» **PROBLEM TO WORK ON**
Please reproduce, exactly and in full, the lines running from the one that contains "Indulnak a fideszes polgármester-kiképzők" to the end of the entries.

Data records:
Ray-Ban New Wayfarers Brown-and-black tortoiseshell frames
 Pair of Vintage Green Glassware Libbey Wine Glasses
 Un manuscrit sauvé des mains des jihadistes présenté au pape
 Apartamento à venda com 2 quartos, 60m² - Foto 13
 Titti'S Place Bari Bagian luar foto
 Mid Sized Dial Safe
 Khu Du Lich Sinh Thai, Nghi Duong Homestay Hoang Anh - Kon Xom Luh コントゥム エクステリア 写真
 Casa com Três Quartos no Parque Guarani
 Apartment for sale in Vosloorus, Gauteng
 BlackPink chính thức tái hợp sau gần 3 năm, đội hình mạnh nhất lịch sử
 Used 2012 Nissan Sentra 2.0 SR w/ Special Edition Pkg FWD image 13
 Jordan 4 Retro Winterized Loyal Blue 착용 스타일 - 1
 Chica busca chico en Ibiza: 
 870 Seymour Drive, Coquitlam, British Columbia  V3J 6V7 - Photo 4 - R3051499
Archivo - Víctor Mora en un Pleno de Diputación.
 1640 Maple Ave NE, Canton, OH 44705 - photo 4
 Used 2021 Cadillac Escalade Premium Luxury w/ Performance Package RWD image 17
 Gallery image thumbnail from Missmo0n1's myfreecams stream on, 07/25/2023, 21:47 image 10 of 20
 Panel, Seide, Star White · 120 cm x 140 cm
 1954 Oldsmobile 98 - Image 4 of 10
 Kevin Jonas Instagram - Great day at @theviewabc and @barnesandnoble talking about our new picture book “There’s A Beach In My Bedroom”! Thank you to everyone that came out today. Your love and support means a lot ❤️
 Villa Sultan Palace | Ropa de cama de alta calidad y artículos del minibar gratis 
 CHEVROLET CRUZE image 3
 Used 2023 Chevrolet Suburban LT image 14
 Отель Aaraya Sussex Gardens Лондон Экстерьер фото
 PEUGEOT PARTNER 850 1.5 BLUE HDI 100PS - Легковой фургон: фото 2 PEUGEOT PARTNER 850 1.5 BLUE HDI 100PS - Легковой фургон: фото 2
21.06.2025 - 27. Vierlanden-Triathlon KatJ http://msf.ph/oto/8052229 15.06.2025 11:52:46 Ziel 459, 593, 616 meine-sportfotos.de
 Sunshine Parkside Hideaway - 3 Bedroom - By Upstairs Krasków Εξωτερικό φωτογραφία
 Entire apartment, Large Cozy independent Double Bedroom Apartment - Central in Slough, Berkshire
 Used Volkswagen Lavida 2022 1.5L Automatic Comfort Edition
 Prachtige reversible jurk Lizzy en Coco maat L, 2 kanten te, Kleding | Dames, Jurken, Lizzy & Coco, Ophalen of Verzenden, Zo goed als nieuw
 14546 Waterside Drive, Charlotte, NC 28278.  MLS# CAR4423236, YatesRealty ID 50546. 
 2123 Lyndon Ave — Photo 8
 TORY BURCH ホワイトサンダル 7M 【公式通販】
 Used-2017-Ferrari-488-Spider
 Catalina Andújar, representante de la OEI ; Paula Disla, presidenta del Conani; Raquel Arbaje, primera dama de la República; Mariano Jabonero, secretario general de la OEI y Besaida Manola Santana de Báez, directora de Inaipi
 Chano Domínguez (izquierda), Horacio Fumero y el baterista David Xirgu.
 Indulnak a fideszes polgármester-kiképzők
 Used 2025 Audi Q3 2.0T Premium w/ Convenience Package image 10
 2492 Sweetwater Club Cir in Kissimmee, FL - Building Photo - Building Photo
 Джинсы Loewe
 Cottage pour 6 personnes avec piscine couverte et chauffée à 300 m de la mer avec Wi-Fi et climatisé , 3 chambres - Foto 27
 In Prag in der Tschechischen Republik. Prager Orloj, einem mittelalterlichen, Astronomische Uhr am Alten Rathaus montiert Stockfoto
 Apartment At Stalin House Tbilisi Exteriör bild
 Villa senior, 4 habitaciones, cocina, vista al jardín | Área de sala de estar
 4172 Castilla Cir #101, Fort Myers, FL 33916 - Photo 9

» **EXPECTED ANSWER**
 Indulnak a fideszes polgármester-kiképzők
 Used 2025 Audi Q3 2.0T Premium w/ Convenience Package image 10
 2492 Sweetwater Club Cir in Kissimmee, FL - Building Photo - Building Photo
 Джинсы Loewe
 Cottage pour 6 personnes avec piscine couverte et chauffée à 300 m de la mer avec Wi-Fi et climatisé , 3 chambres - Foto 27
 In Prag in der Tschechischen Republik. Prager Orloj, einem mittelalterlichen, Astronomische Uhr am Alten Rathaus montiert Stockfoto
 Apartment At Stalin House Tbilisi Exteriör bild
 Villa senior, 4 habitaciones, cocina, vista al jardín | Área de sala de estar
 4172 Castilla Cir #101, Fort Myers, FL 33916 - Photo 9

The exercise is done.